■ **Work required**:
Nothing but the lines below from the one holding "Komatsu WA380-3H Wielladers" up to and including the one holding "R. WOLF 8211.19" should be copied, exactly and without pictures.

■ **Supplied entries**:
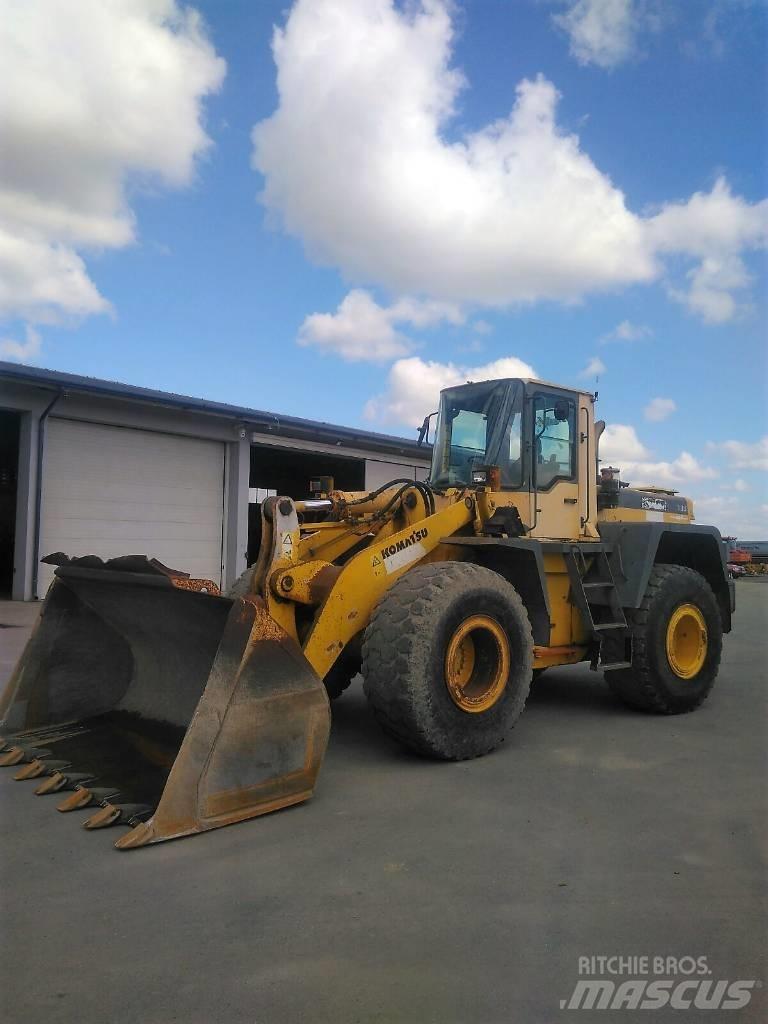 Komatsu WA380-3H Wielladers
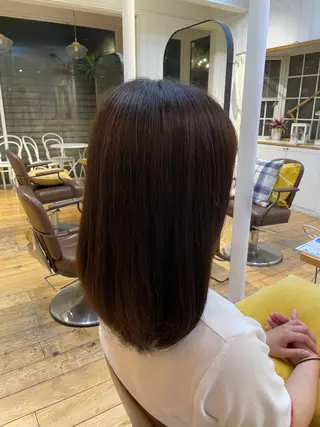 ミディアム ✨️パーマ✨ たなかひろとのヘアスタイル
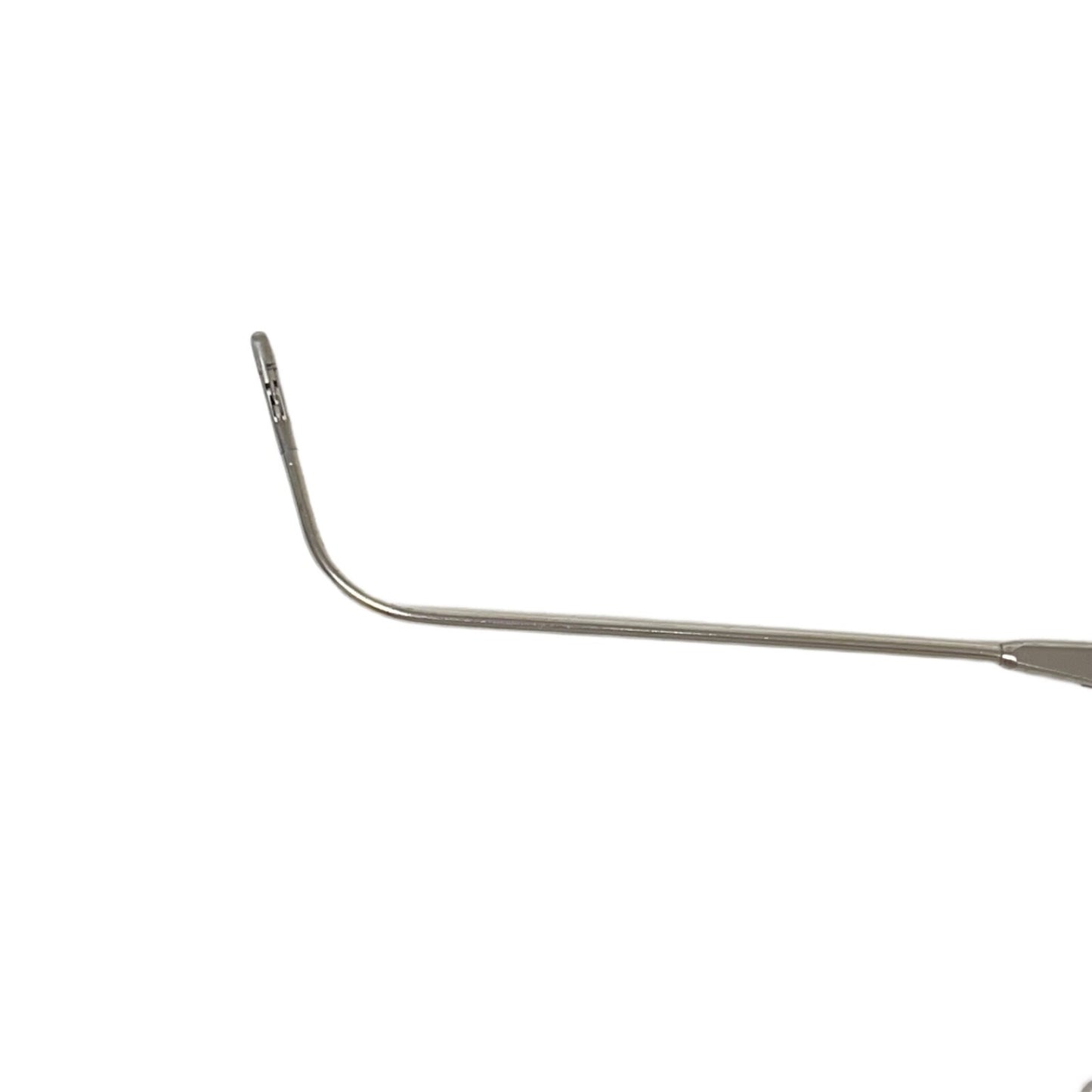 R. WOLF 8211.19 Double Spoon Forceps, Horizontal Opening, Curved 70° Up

---

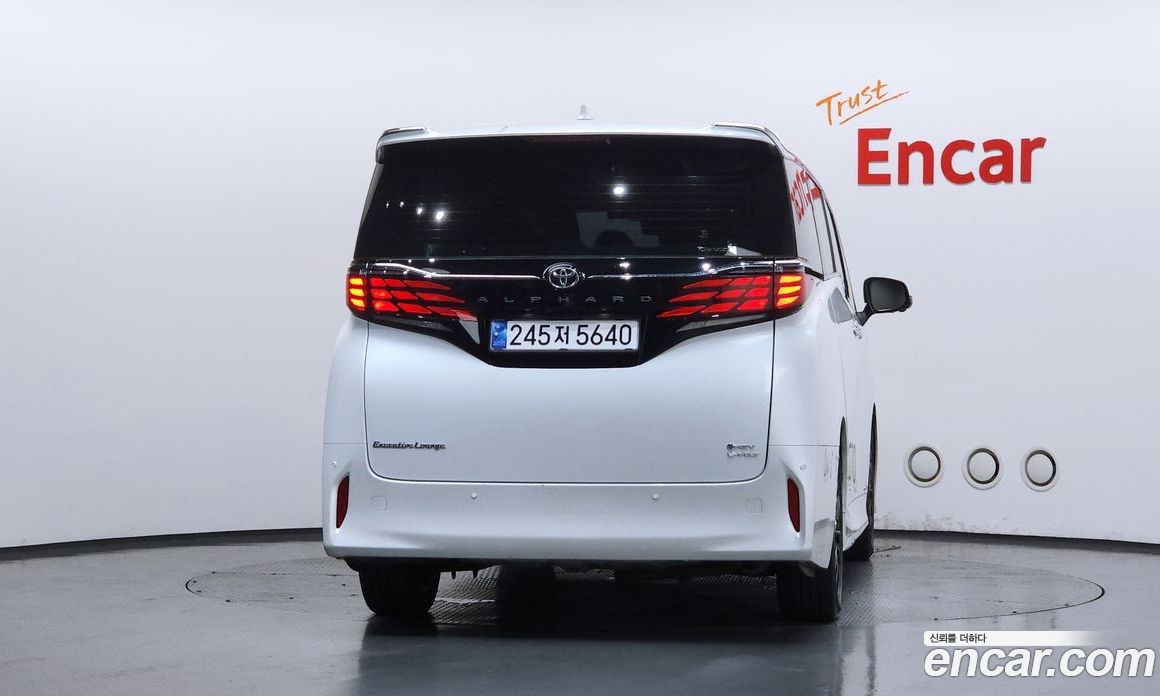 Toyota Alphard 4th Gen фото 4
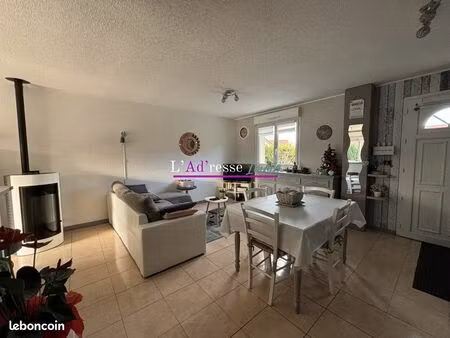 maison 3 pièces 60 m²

■ **Your solution**:
 Komatsu WA380-3H Wielladers
 ミディアム ✨️パーマ✨ たなかひろとのヘアスタイル
 R. WOLF 8211.19 Double Spoon Forceps, Horizontal Opening, Curved 70° Up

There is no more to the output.